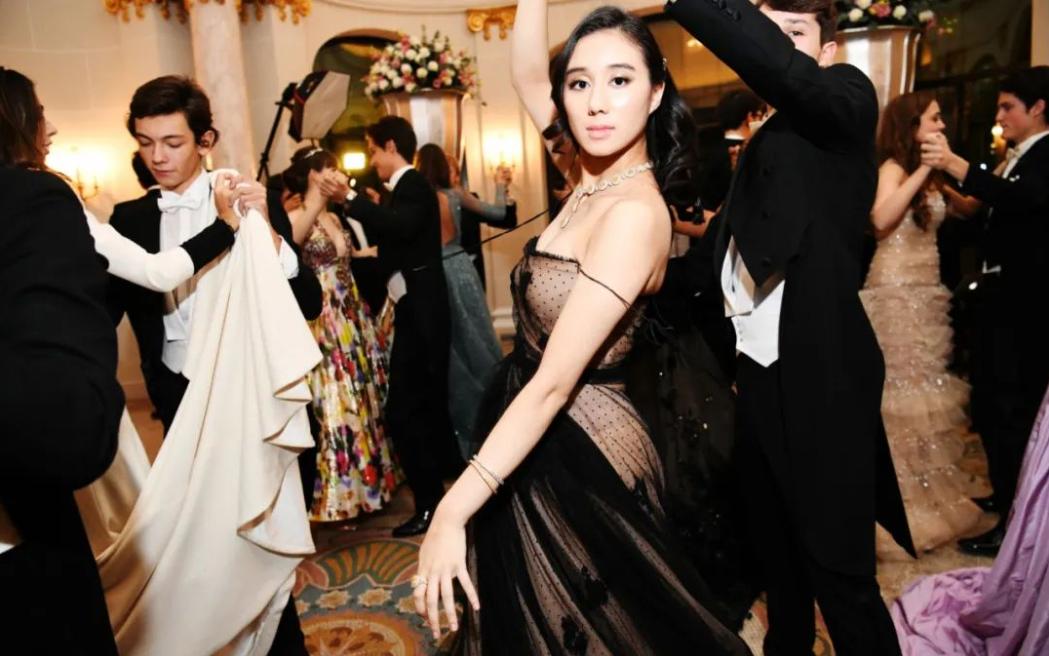 梁安琪何超欣逛街,梁安琪何超欣豪宅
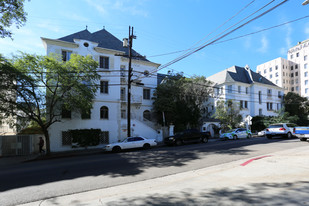 Chateau des Fleurs Apartments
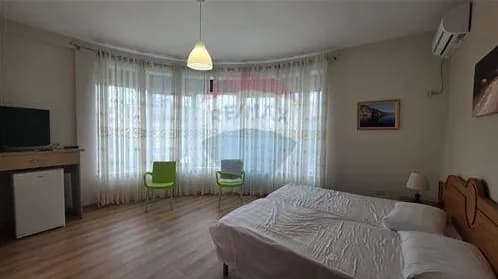 Vilë 8+1 në shitje në Rruga Gjergj Kastrioti, Vlorë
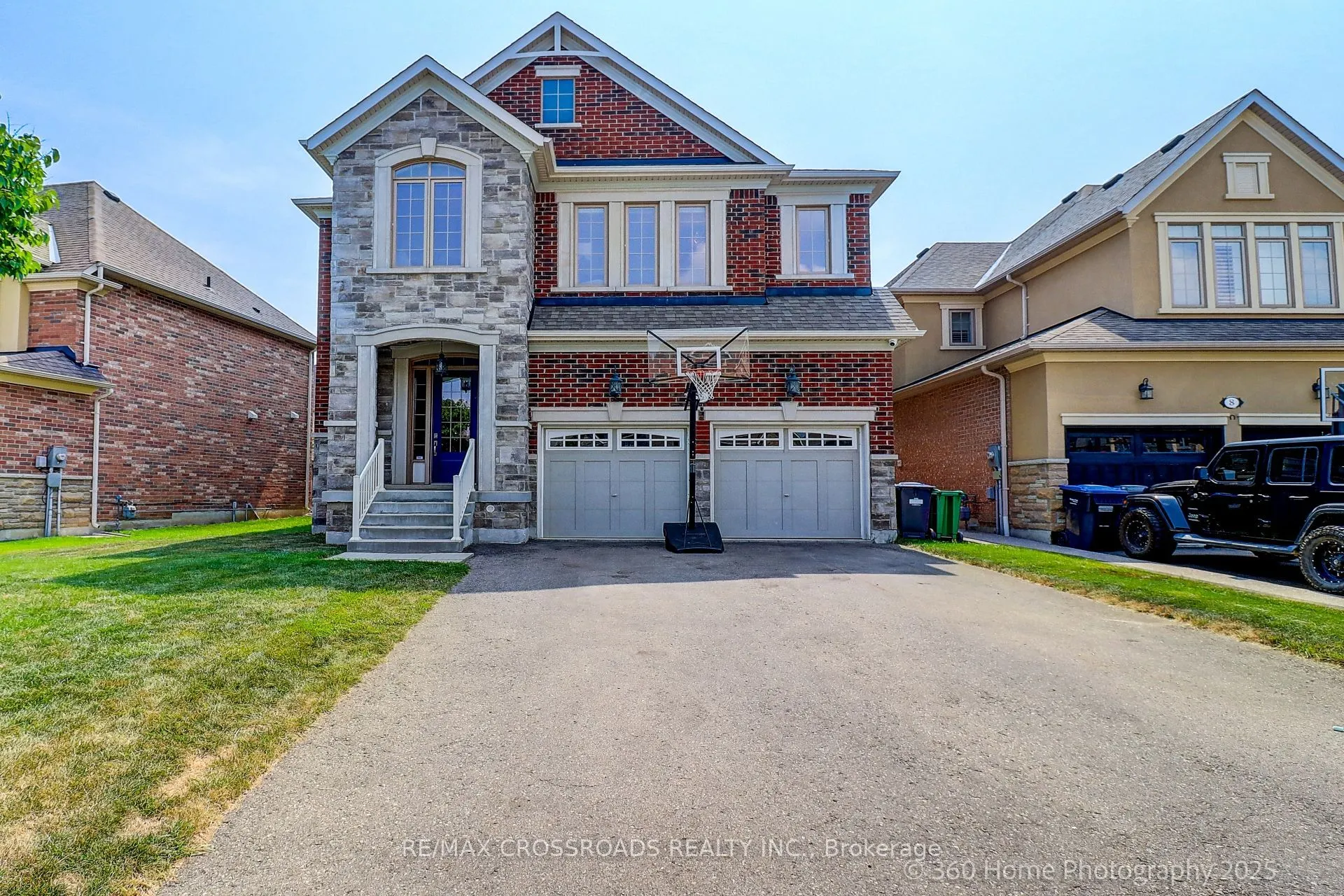 6 Prince Michael Court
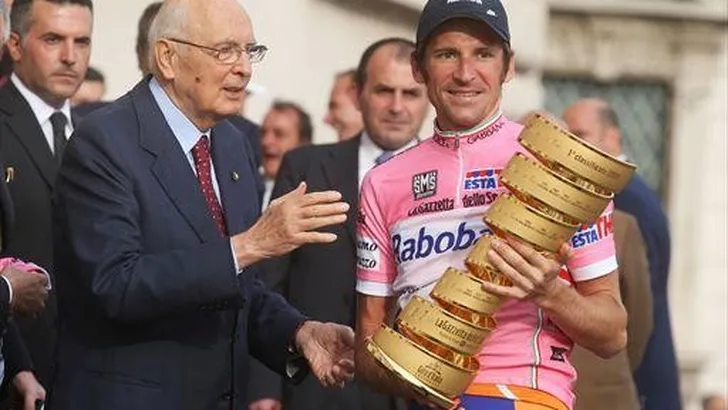 NIEUWE WIELER REVUE OVER GIRO EN MENCHOV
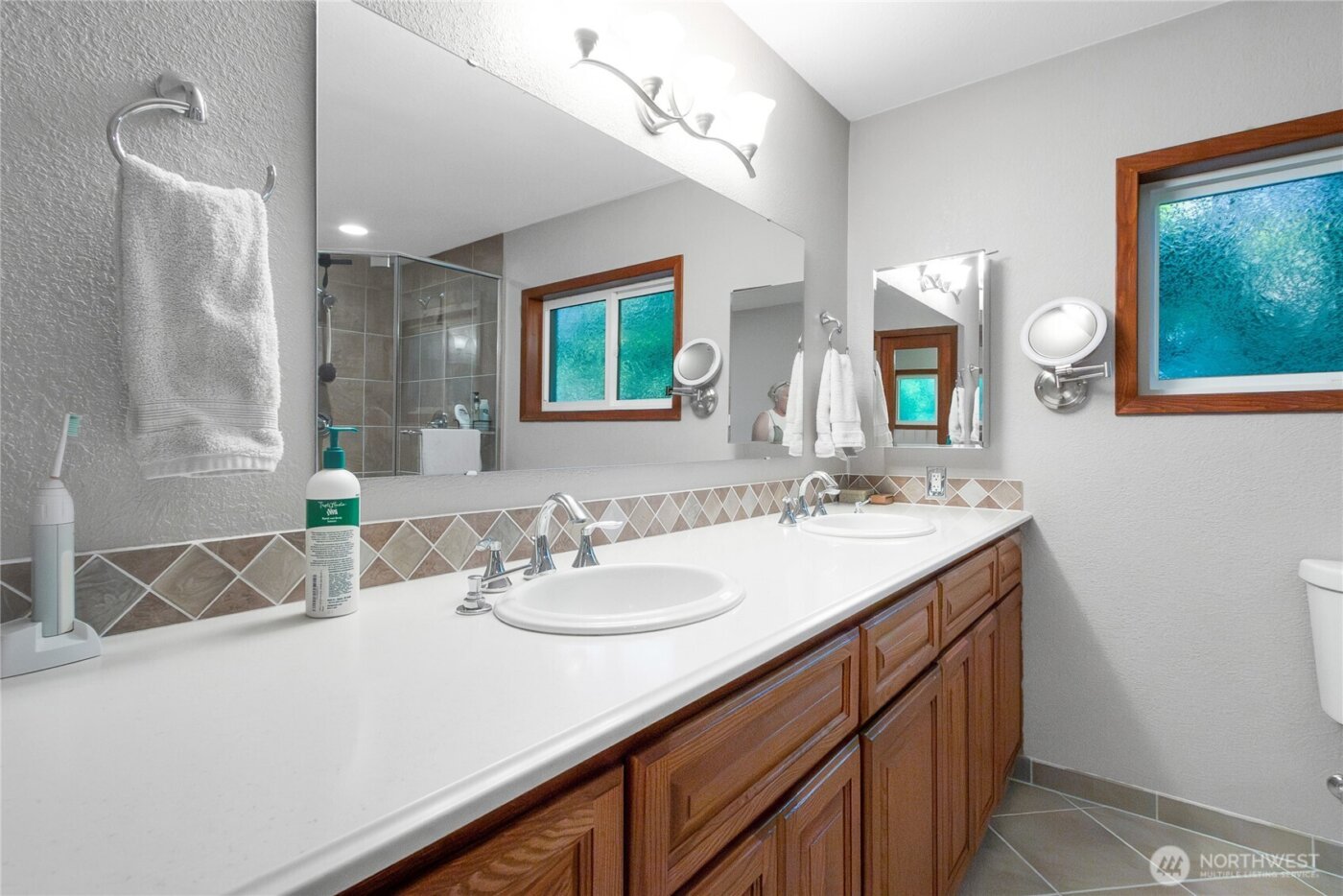 2925 87th Ave Ct E , Edgewood, WA 98371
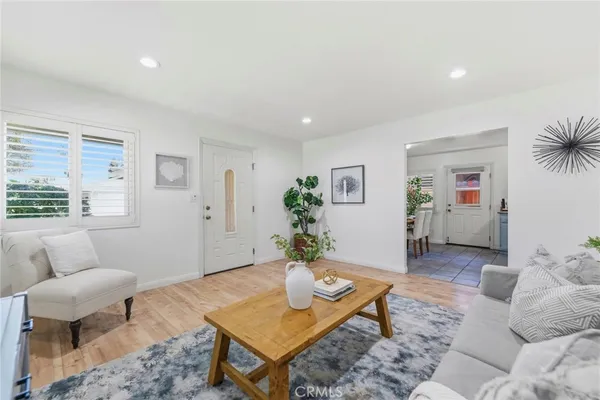 $650,000 | 11736 215th Street, Lakewood, CA 90715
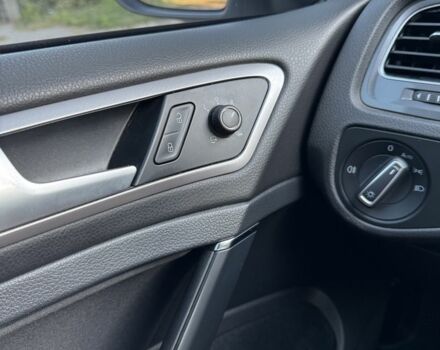 Белый Фольксваген Гольф, объемом двигателя 0 л и пробегом 167 тыс. км за 9500 $, фото 13 на Automoto.ua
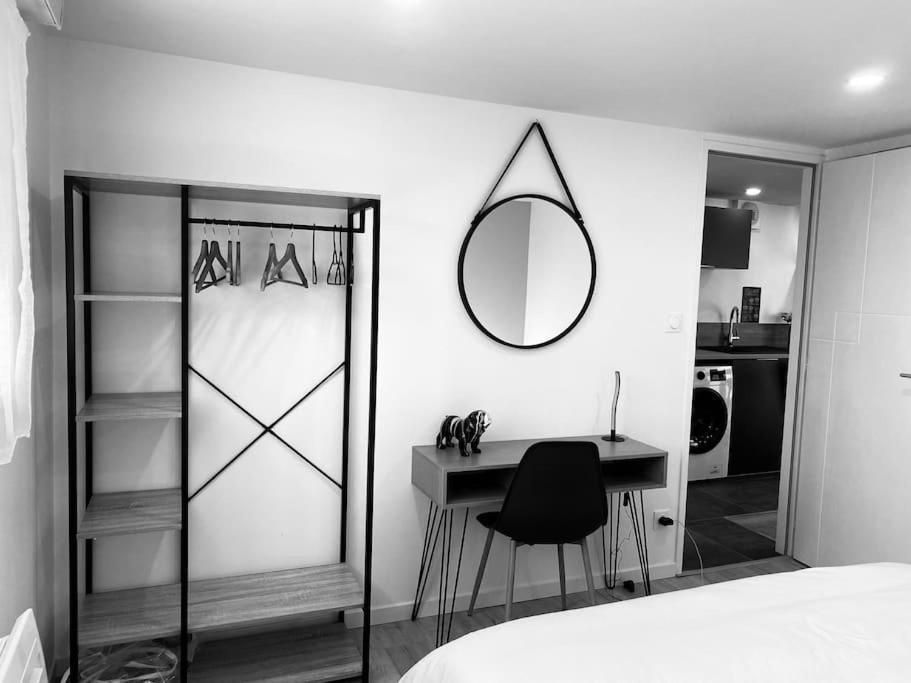 Appartement L'Atelier D'Emilie à Bessines Extérieur photo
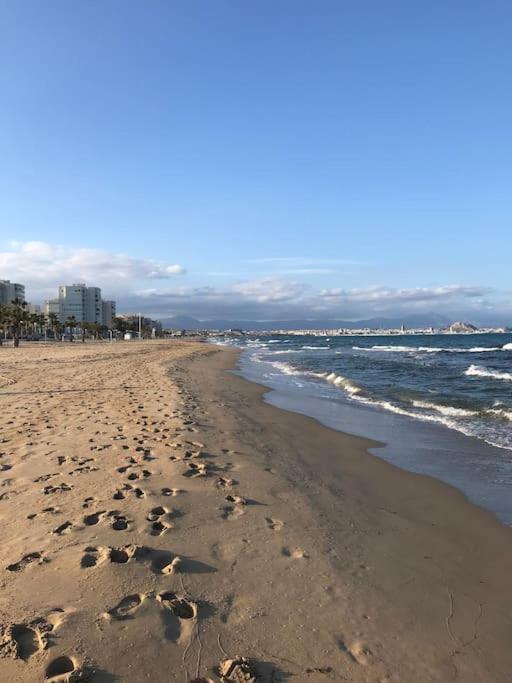 70 Sqm Apartment With Seaview In Arenales Del Sol. Екстер'єр фото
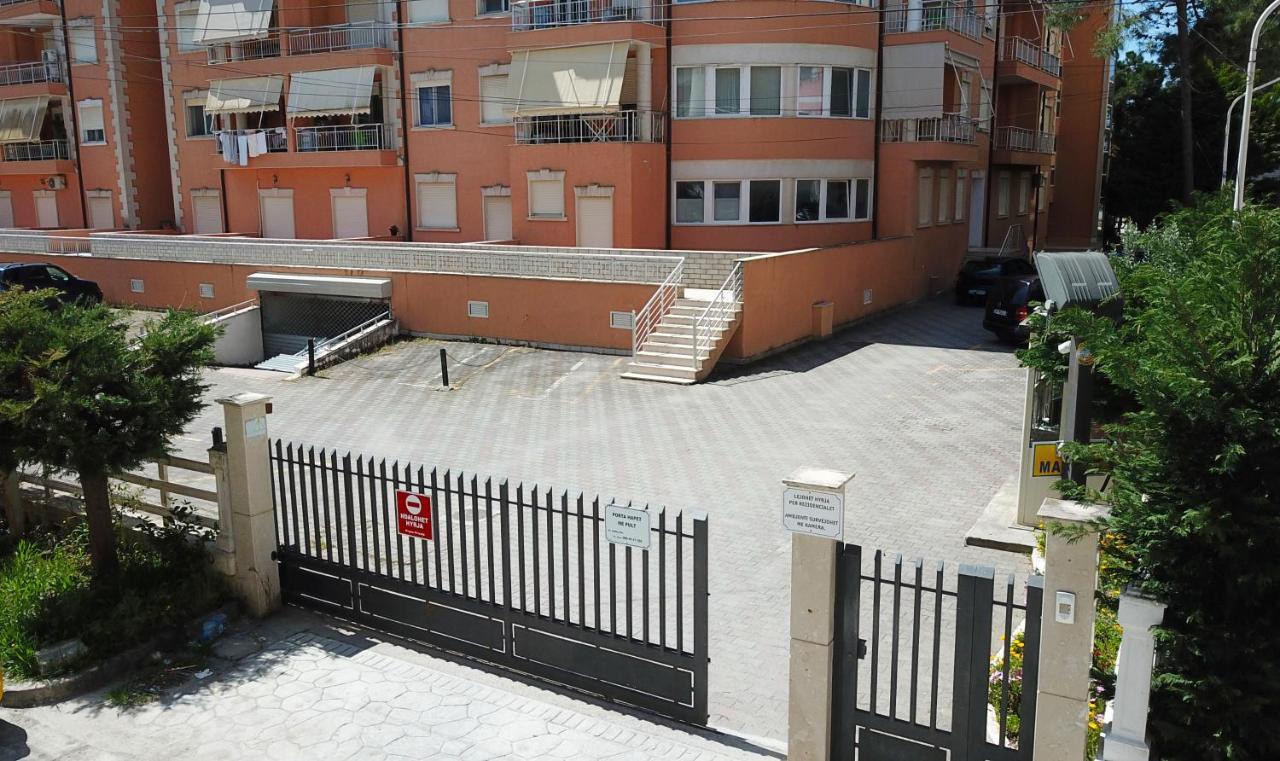 Apartment Golem  Exterior foto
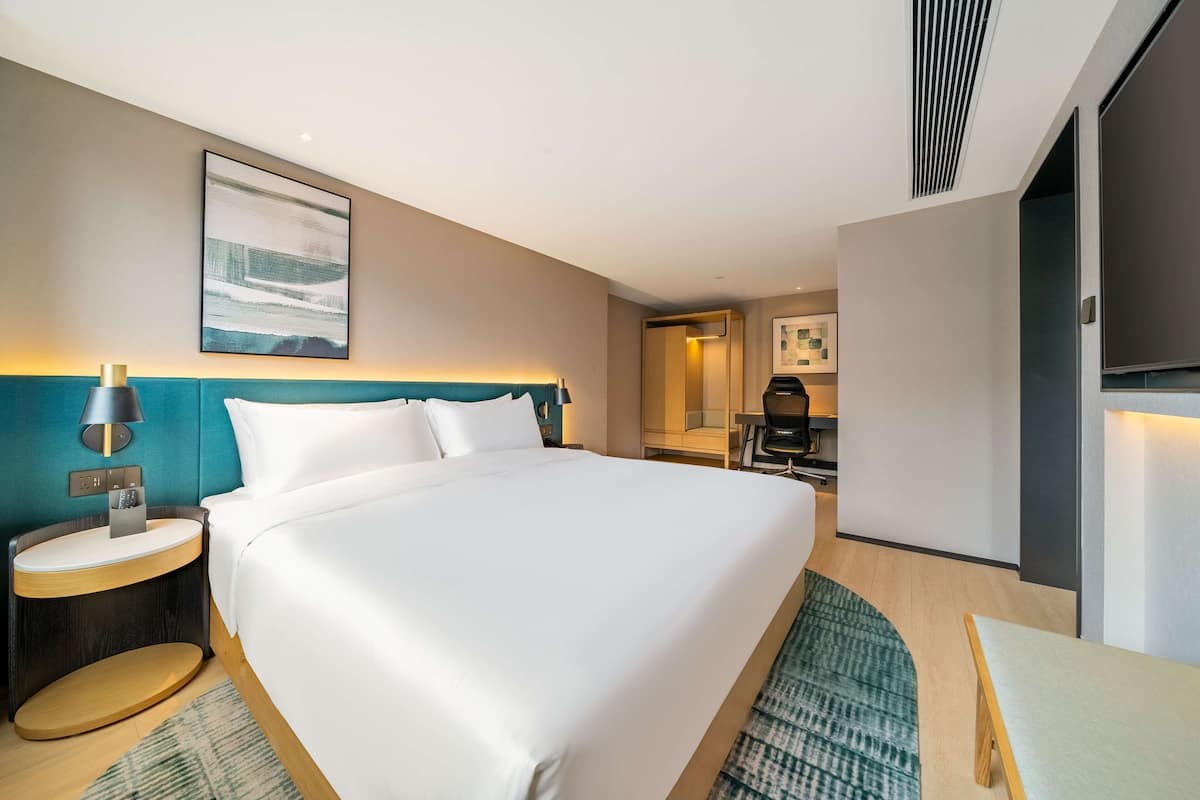 Suite, 1 camera da letto | Biancheria da letto di alta qualità, una scrivania, tende oscuranti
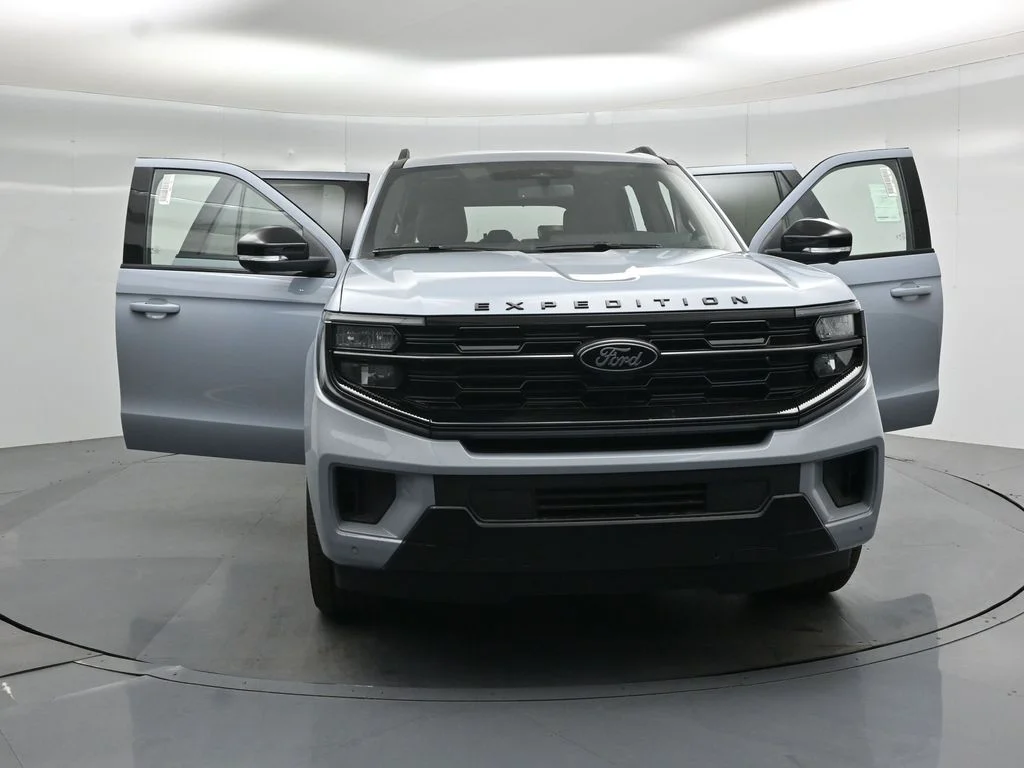 New 2026 Glacier Gray Metallic Tri-Coat Ford Platinum image 32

++++++

YOUR GOAL: Beginning with the line holding "70 Sqm Apartment", copy each line exactly through the end of the records above, and leave every picture out.

RESULT:
 70 Sqm Apartment With Seaview In Arenales Del Sol. Екстер'єр фото
 Apartment Golem  Exterior foto
 Suite, 1 camera da letto | Biancheria da letto di alta qualità, una scrivania, tende oscuranti
 New 2026 Glacier Gray Metallic Tri-Coat Ford Platinum image 32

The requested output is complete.